O filme completo pode ser visto neste link.
Vemos a prefeitura, a delegacia, outros prédios e logradouros públicos, famílias e jovens fazendo o footing, a igreja matriz ainda em construção, o Cine-teatro Uberlândia exibindo O Fantasma Esperança (Julien Duvivier, 1939), a estação ferroviária, serviços de abastecimento, a empresa telefônica, dependências esportivas, o clube da elite local, o cemitério e aspectos da natureza circundante. Uma sequência mais longa que as demais enfoca uma reunião do Rotary Clube, onde se pode ver uma bandeira nazista entre várias outras.
A cavação de recursos justifica a apresentação elogiosa de um escritório de advocacia, duas alfaiatarias (“expoente da elegância masculina” e “a tesoura mágica de Uberlândia”), uma marmoaria e uma indústria de charque. Em pouco mais de dois minutos, as câmeras revelam os trabalhos na Fábrica de Móveis Freitas, provavelmente um dos maiores patrocinadores. É onde consta a saída dos operários, assim anunciada pelo locutor: “Após um dia de intenso trabalho, a hora da boia”. Homens e meninos deixam o galpão da fábrica à moda Lumière, sendo dois deles em bicicleta.
Compartilho a seguir a sequência completa dos Móveis Freitas, que inclui a oficina de marcenaria, o destaque para o proprietário da empresa e o showroom do mobiliário “de todos os estilos”.
Alguns filmes de cavação transcenderam o mero oportunismo por seus valores documentais e etnográficos. Esse é o caso do clássico No Paiz das Amazonas, que o imigrante português Silvino Santos realizou em 1921 por encomenda do magnata (também português) Joaquim Gonçalves Araújo. O filme, de mais de duas horas de duração, é um amplo painel das atividades econômicas e das belezas naturais dos estados do Amazonas, Acre e Rondônia. Destacam-se a extração e beneficiamento de borracha, castanha, fumo e guaraná, além da pesca, da caça e de algumas atividades dos indígenas da região. Inclui uma curta cena de trabalhadores saindo das instalações de uma fábrica de beneficiamento de castanha e de banana-passa.
A íntegra de No Paiz das Amazonas está disponível aqui.
A empresa J.G.Araújo & Co.Ltd., produtora e financiadora do filme, era sua principal beneficiária. A grande escala da documentação de Silvino Santos pretendia fazer jus à ampla gama de setores da indústria e do comércio em que a firma atuava. No Paiz das Amazonas foi atração da Exposição Internacional do Centenário da Independência.

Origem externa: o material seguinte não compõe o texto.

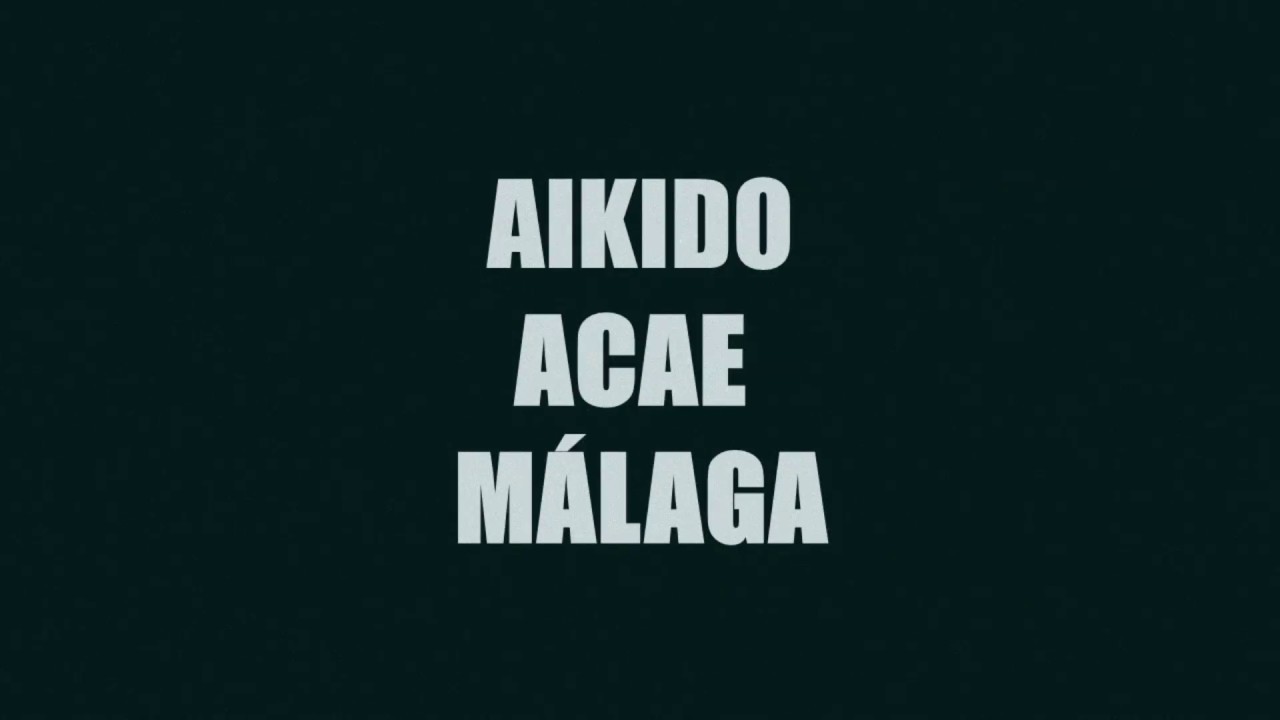 Aikido ACAE M&aacute;laga - Momentos de la pr&aacute;ctica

Silvino fizera um estágio na Casa Pathé e nos estúdios dos irmãos Lumière, na França. Não é desprezível a ideia de que tenha se inspirado no filme inaugural do cinematógrafo para incluir a saída de operários e operárias da fábrica. A cena se segue a uma longa sequência de trabalhos nas oficinas, com destaque para as mulheres. Compõe-se de quatro tomadas em aproximação progressiva dos corpos das pessoas, o que realça o senso de narrativa e continuidade da abordagem de Silvino Santos. Na pequena multidão, de plano a plano, as mulheres vão ocupando mais e mais o espaço de tela.
Saltando para um trabalho bem mais recente, encontramos uma aproximação com o cinema industrial no média-metragem Elo Perdido – o Brasil que Pedala (2018), de Renata Falzoni. O documentário aborda a cultura da bicicleta no Brasil e como esse meio de transporte vem se impondo cada vez mais nas cidades. São apresentados vários exemplos de ciclismo: lazer, trabalho ou simples mobilidade urbana. Uma sequência, filmada em Joinville (SC), expõe a bicicleta como veículo preferido dos trabalhadores da cidade.

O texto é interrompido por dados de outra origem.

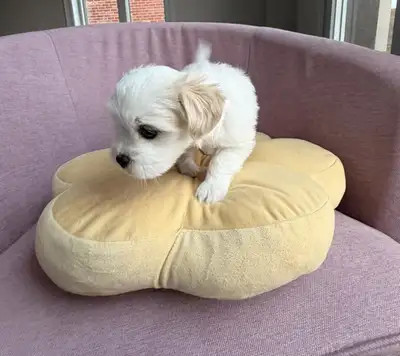 Sweet and Adorable White Malshi Puppy Available!, View more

Nesse ponto, o filme de cunho antropológico se avizinha do cinema industrial ao privilegiar o movimento dos operários que saem da Fundição Tupy no lombo de suas bicicletas. É informado que a empresa multinacional estimula o uso das bykes, o que parece ser muito bem aceito pelo operariado em suas pedaladas pelas ruas.